The notion here is that decisions and actions form identities, and identities influence other identities. An agent's decision to maintain a current identity or activate an alternative one -- stay home or join a Taliban faction, for example -- unfolds after it bumps into agents in its immediate neighborhood, agents whose own characteristics have been activated as the simulation evolves.
"The trick in this type of programming is to construct a basic framework for each character, to program who they are fundamentally, and then set them in motion," says Michael Zyda, director of the Naval Postgraduate School's Modeling, Virtual Environments and Simulation Institute (Moves). "Interesting things will emerge. The characters interact and generate whole sets of future, often unexpected, scenarios."
GI Agent, a model designed by a member of Zyda's team at Moves, illustrates how unanticipated results can emerge. A blue army faces off against a red army. The variables are not only psychological but physical: Each soldier is programmed for proficiency with weapons, type of arms carried, physical strength, and personality traits, such as a tendency to be self-reliant or overly self-protective, and a willingness to take on the enemy.
In one experiment, GI Agent designer Cap. Joel Pawloski and his programmer colleagues wanted to find the most effective way to sprinkle nine snipers throughout a blue army company made up of nine 10-soldier squadrons. In the first scenario, the programmers grouped all nine snipers together into a separate, tenth squadron. The results were dismal: The blue army was successful only about half the time.
But when the programmers instead inserted one sniper into each of the company's nine squadrons, the blue army was victorious 96 percent of the time. Why? The sniper within each squadron served as the advance guard, disabling key enemy positions at the start of a maneuver and thereby protecting the soldiers around him. Communication also improved, because the snipers, equipped with superior technology, were able to see farther than their comrades and so
conveyed more useful intelligence to company commanders.

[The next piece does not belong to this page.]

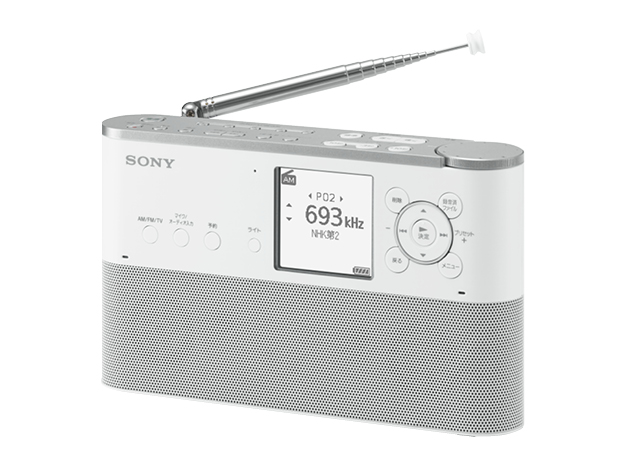 ICZ-R250TV | ICレコーダー／集音器 | ソニー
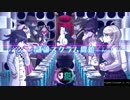 【Z】ニューダンガンロンパV3 part14【裏ルート付き】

"As in real life," says Zyda, "some agents hold more cards than others, and when they are at their greatest strength, they can overwhelm or at least neutralize agents around them."
Agent-based modeling is a child of complexity theory, which holds that the organization of complex systems hinges on the interplay of seemingly haphazard individual events. Complicated patterns -- how ants behave collectively, how terrorists choose targets -- emerge from what appears to be randomness. Bottom-up analysis begins with the small events, the unseen interactions of agents that influence the whole
system, and seeks to connect the local to, in political terms, the regional, national and international. It's not all about bad guys; there are broad applications: Complexity theorists say, for example, that traffic flow on a freeway can only be
predicted with models that simulate the behavior of the thousands of drivers on the road: their hard-braking, tailgating, rubbernecking, road rage.

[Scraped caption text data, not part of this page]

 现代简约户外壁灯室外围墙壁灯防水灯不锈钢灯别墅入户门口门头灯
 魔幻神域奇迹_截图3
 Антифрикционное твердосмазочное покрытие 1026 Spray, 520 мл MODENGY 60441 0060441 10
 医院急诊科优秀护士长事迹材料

"The behavior of a group or system is not preorganized and predetermined; it emerges from the collective interactions of all of its individuals," says Eric Bonabeau, chairman and chief scientific officer at Icosystem Corp. in Cambridge, Massachusetts, which designs agent-based models for companies. "Solutions presented by agent-based models are emergent and unanticipated." Answers arise to questions that weren't even asked.

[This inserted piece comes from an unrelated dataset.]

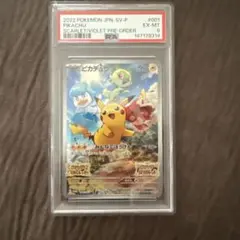 2026年最新】001/sv-p psa10の人気アイテム - メルカリ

Studying the tinderbox of racism yielded the first agent-based model of note. Developed in the late 1960s by distinguished Harvard professor of economics Thomas Schelling, the model was a manual, noncomputerized affair, almost a board game of the Reversi stripe. Schelling was curious about how segregated neighborhoods were formed. He had an inkling that more than absolute racism -- "there is no way I will live anywhere near a person not of my color" -- was responsible for the stark color divides between neighborhoods. Schelling made a grid with coins -- some representing blacks, others whites -- distributed randomly. He posited a simple rule: Each coin is happy if at least one-third of its neighbors are its own kind, the idea being that a person would tolerate living in a neighborhood in which only one-third -- but not fewer -- of nearby residents were the same color.
By any American standard, probably any standard in the world, such a neighborhood would be considered integrated.